Ce que cela pourrait signifier pour la météo :
“D’après ces données, la trajectoire des dépressions semble donc, dans de nombreux cas, se situer plutôt plus au nord.”
Autrement dit, d’importantes perturbations météorologiques sous forme de dépressions accompagnées de précipitations, qui proviennent de la « cuisine météorologique » qu’est l’Atlantique, auront tendance à passer au nord de la Suisse durant ces mois d’hiver.
Précipitation
Cette répartition de la pression atmosphérique devrait avoir des répercussions sur la météo hivernale, notamment sur les précipitations. Le modèle américain en particulier, mais aussi en partie le modèle européen, prédit des précipitations relativement importantes pour le nord de l’Europe et relativement faibles pour le sud. La Suisse semble se situer entre les deux. Ici, la tendance et les précipitations ressemblent donc à un hiver moyen.
Prévision de l’écart des précipitations par rapport à la moyenne pluriannuelle en Europe pour les mois de décembre, janvier et février.Image : NOAA/tropicaltitbits
Températures
Ce n’est plus une surprise, mais plutôt la nouvelle norme : les hivers sont tous plus chauds que la moyenne. Il en sera certainement de même dans les mois à venir.
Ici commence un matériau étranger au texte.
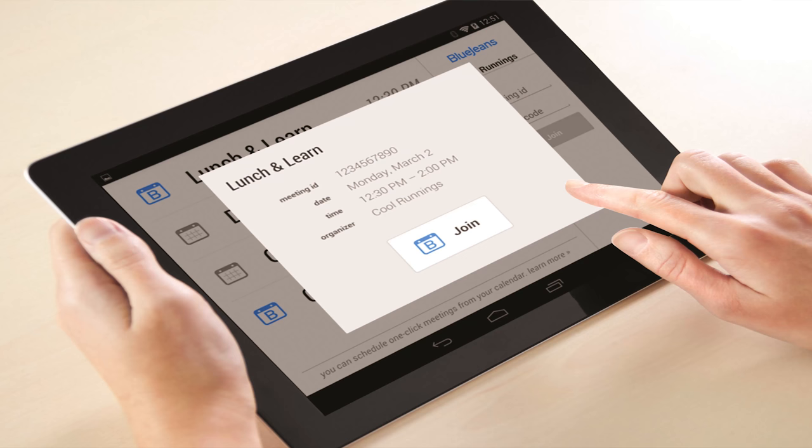For desktop and mobile users, joining a scheduled meeting requires just a single click — no app to open, no meeting ID to enter. SIP and H.323 users can join by dialing a simple URL like 12345@bjn.vc, or by using the free BlueJeans Relay solution, which offers one-touch-to-join capabilities for most H.323 and SIP systems. And Skype for Business users can dial directly into BlueJeans meetings.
Prévision de l’écart de la température moyenne par rapport à la moyenne pluriannuelle en Europe pour les mois de décembre, janvier et février.Image : ecmwf
Ce qui diffère d’un hiver à l’autre, cependant, ce sont les « points chauds » de température attendus. Cet hiver, il semble que les pics de températures se situeront principalement au nord-est de l’Europe. En revanche, écrit MeteoNews, les pôles froids deviendront rares. Et:
“Cela ne veut pas dire qu’il n’y aura pas de phases plus froides avec de la neige jusqu’aux basses altitudes de temps en temps, mais comme l’hiver dernier, cela ne devrait pas vraiment durer.”
MétéoActualités
Alors, quelle conclusion – prudente et provisoire – tirer ? Actuellement, les modèles météorologiques indiquent (encore une fois) que l’hiver sera plus chaud que la moyenne. Tant l’état du vortex polaire dans un avenir proche que les prévisions saisonnières suggèrent en outre une faible probabilité de longues vagues de froid, au moins jusqu’à la fin de l’année.
Précipitations supérieures à la moyenne ainsi que d’importantes perturbations météorologiques sont susceptibles de se produire dans le nord de l’Europe, tandis que des précipitations inférieures à la moyenne sont plus probables dans le sud. En Suisse, les précipitations devraient être moyennes – mais en plaine, en raison de températures (trop) élevées, ils devraient plutôt tomber sous forme de pluie que de neige.